Caveat: I am not a dietician or nutritionist. Below is simply my experience and knowledge on the subject. If you have concerns relating to your child’s diet, please seek help from a professional.

I’d pondered the question “is it healthy to raise your child vegan?” since my son Brandon came into the world. I’d been vegan myself a year at the time and knew it was right for me. But I felt some societal pressure and, dare I say, a “stigma” against feeding your child a strict vegan diet.

There’s plenty of schools of thought on this one. Are you denying them the full gamut of food available to humans? Crucially, are you denying them the nutrition they require when growing? Even though I myself had done a fair amount of research on the matter with regards my own nutrition—and been more than satisfied with my findings—I still felt a niggle of doubt when it came to baby weaning.

The decision

To cut a longer story short, we’re almost a year into weaning Brandon now, and I can confidently say, vegan baby weaning has worked fantastically for us and Brandon, and I couldn’t be happier with our choice. Above all, I was able to reach the realisation that feeding Brandon plants was and is the most natural thing in the world.

We already know plants are healthy, and I know from my own research which foods contain which nutrients to ensure a varied and plentiful supply. The rest was coming to the conclusion that whatever diet you force upon your child (as it is somewhat belligerently referred to), you are making a decision for them. Is it right for them to eat meat? Is it right to deny them eating any animal products? That is your decision as parents to make, and, eventually, theirs to decide for themselves when they are ready.

Boiled sweet potato, broccoli & avocado
An early meal: boiled sweet potato, broccoli & avocado

Brandon’s diet

Brandon loves his food, has a varied diet, and appears a healthy 18-month old boy. For the most part he’s been fed an exclusively plant-based diet, and we intend to keep it that way until a situation arises that may require a reevaluation. The key for us is not to be overly dogmatic about it. Now’s he’s essentially eating what we are eating, it doesn’t make sense from a practical or logical standpoint to add any meat, fish or dairy to his diet.

He loves bread, and enjoys an array of other carbs - rice, potatoes, pasta, oats. He has a mixed relationship day-to-day with veg; loves his broccoli and peas but won’t touch spinach or mushrooms. Protein-wise, we try to keep it varied. He enjoys beans and lentils, when disguised in a sauce. He’ll tolerate a chickpea one day then have more fun throwing them the next. Nut butter is a favourite; on toast, on porridge, or on its own. He loves most fruit, especially banana and strawberries.

Brandon awaiting his meal of lentil bolognaise with spaghetti and a side of spinach, from his bamboo plate.
Lentil bolognese with spaghetti and a side of spinach

What about fake meat?

Given how new a lot of vegan “meat” is, there’s a valid conversation to be had of its long term benefits or drawbacks. Do we feed Brandon fake meat? Yes, mostly because we eat it ourselves. It’s a good, protein-rich, convenient food to add to your diet. When balanced with whole-food sources of protein, we believe and trust it to be a perfectly healthy food.

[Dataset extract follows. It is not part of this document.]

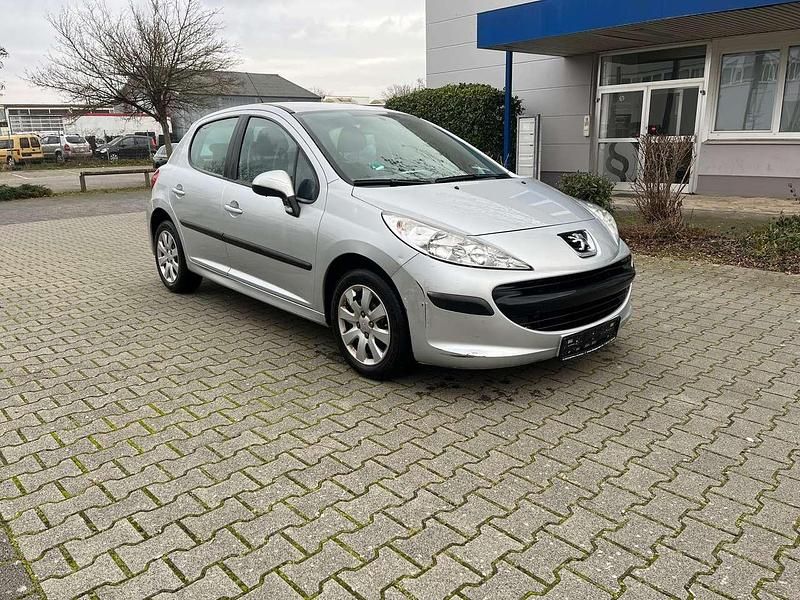 Gebraucht Peugeot 207 Tendance 73 PS (53 kW) 2008 lackierung mit schutzlack Kleinwagen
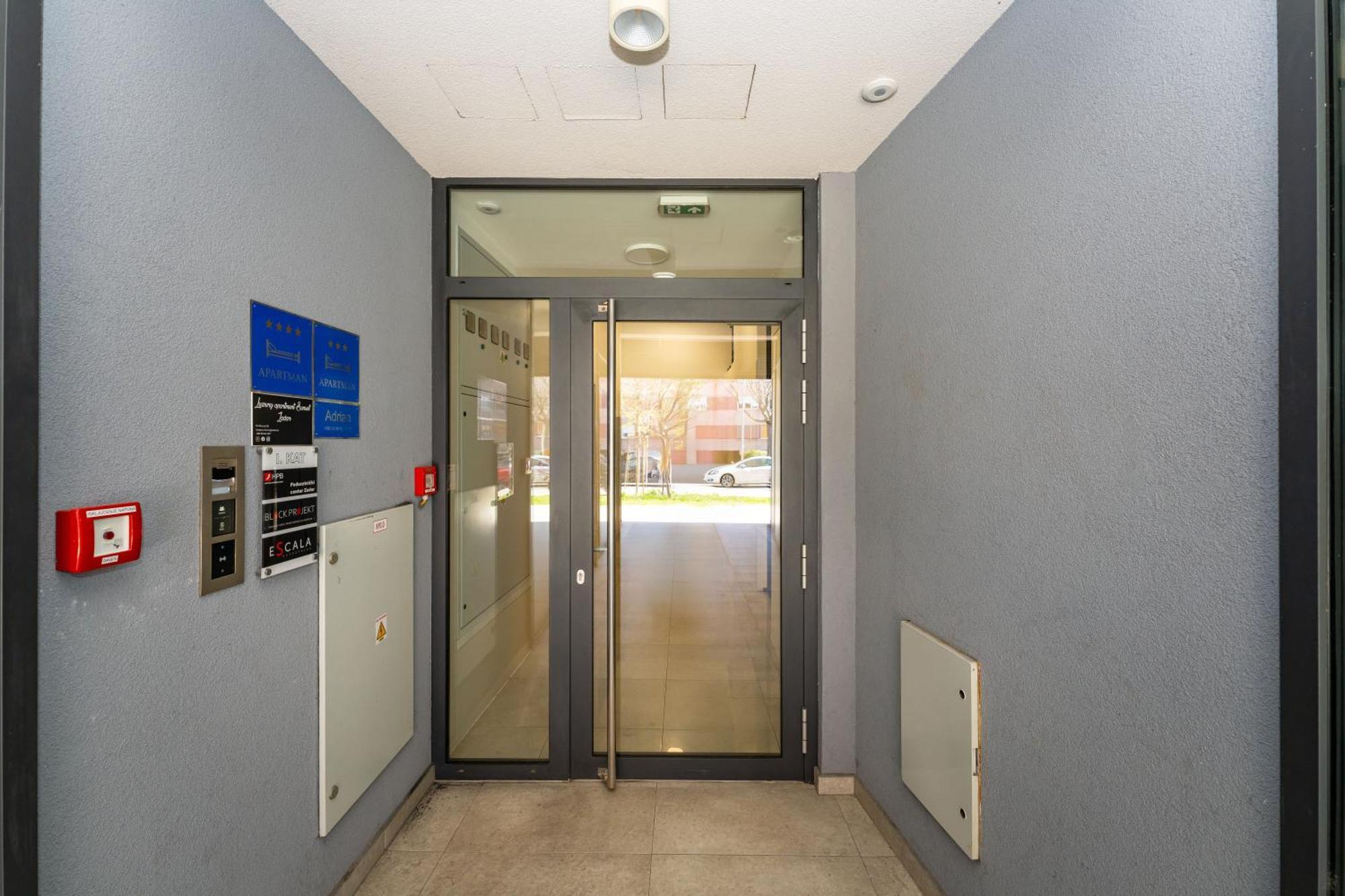 D-Apartment - With Garage And Balcony زادار المظهر الخارجي الصورة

Conversely, processed meat has rightfully been under scrutiny for decades, and yet it is still considered a safe and (as part of a balanced diet) healthy food to feed children. We’re now seeing clear links between a heavily processed diet and obesity, and in this scenario, meat alternatives are often framed as a healthier alternative. Quorn in particular have started promoting this angle in their recent campaigns.

Toast fingers, baked beans, roasted tomatoes, sauted spinach, avocado, fried mushrooms and vegan sausage on Brandon's bamboo plate
A few months in: a full vegan breakfast


We feed Brandon vitamin D drops in his water. Vitamin D is needed to maintain healthy bones, teeth and muscles. Fortified soya milk is also a good source of vitamin D, as well as calcium.

We are considering Omega 3 supplements. He already has a diet consisting of linseed, hemp seeds and chia seeds, but there are certain Omega 3 fatty acids that you can’t get from plants. ALA, one of the essential fatty acids our body needs, is plentiful in nuts and seeds as well as cruciferous vegetables. However EHA and DHA is generally only found in fatty fish. Your body can convert ALA to EHA and DHA, but it’s not very efficient at doing so.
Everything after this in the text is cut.